I started the celexa and tegretol but even the generic form of lamictol is over $300 and I don't have insurance so I've got to go back to the clinic next week to see if I qualify for financial assistance for that.
I know I've only been on the celexa and tegretol for a few days so I don't expect to see any results but I feel HORRIBLE!! I have a "hangover headache", I've got cotton-mouth, I'm nauseous, I can barely stay awake, I feel like my heart is pounding (not racing...just beating really hard...I can feel it in my chest and neck and head). Mentally, I feel like I'm stoned...like my brain is in a fog. The racing thoughts are slowing down a bit but everything's slowing down. That's a good way to describe it..I feel like my brain is in slow motion. I can't live like this.

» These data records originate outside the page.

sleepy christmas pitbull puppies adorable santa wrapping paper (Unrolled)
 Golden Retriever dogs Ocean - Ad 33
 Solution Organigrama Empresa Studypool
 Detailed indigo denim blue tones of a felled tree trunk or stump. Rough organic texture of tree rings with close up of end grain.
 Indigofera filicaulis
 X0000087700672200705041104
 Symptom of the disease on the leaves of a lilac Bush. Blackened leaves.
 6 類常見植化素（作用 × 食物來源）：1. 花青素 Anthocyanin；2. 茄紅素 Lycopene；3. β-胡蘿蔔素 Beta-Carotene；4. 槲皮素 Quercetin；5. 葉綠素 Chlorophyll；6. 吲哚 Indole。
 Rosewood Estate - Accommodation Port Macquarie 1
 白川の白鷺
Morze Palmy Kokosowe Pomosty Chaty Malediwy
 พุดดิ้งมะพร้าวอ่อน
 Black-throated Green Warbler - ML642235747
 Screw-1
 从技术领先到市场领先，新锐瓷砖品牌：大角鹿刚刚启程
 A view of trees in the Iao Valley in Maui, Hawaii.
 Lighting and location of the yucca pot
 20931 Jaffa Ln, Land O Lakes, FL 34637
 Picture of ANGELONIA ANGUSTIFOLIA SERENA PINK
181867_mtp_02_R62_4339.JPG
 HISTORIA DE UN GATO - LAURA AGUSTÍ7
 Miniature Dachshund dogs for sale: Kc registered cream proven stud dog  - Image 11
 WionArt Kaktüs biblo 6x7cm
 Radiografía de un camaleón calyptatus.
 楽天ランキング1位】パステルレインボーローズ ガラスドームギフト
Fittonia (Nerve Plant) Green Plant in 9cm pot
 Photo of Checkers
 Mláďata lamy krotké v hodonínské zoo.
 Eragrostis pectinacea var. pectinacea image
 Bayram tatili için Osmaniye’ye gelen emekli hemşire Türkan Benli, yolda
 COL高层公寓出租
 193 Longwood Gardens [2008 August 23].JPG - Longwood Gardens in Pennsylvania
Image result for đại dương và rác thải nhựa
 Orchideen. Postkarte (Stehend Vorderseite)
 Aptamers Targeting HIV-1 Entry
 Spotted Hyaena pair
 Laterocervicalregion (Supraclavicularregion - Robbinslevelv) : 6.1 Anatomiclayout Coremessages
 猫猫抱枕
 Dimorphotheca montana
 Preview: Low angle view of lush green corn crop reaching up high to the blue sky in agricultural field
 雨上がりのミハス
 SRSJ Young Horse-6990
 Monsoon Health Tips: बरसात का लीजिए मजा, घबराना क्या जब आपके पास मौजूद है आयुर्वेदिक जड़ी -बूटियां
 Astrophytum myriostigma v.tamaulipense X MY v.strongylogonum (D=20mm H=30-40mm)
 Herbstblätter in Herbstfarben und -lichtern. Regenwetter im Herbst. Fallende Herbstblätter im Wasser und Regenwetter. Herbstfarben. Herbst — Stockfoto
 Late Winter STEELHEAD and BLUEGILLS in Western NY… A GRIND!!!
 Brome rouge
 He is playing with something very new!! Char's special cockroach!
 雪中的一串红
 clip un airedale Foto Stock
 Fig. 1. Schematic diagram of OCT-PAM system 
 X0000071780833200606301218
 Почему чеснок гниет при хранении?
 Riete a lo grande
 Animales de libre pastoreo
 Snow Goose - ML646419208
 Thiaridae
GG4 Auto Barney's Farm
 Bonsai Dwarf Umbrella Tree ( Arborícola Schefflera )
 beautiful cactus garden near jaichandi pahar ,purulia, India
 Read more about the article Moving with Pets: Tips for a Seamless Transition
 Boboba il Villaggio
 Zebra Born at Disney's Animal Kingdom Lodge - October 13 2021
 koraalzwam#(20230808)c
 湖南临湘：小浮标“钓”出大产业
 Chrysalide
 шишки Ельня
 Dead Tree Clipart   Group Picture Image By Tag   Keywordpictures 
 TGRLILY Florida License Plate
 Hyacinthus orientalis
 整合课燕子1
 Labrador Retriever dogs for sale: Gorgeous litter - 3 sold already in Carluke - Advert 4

I've looked up the meds and these side effects seem to apply to all three. Will this taper off as my body gets used to the meds or is this what the rest of my life will be like? Because honestly, I think this is worse than anything the mania or depression ever did. I'm a single mother with two small children. I had to call my parents today and BEG them to watch my boys for tonight. The whole drive to their house, I was scared to death I was going to get pulled over because I really felt stoned. How long do I wait before I say this just won't work for me and stop taking them? I mean, I want to give it a chance but I have to know that my children are safe and that I can function enough to work and right now, I'm not confident in either of those things.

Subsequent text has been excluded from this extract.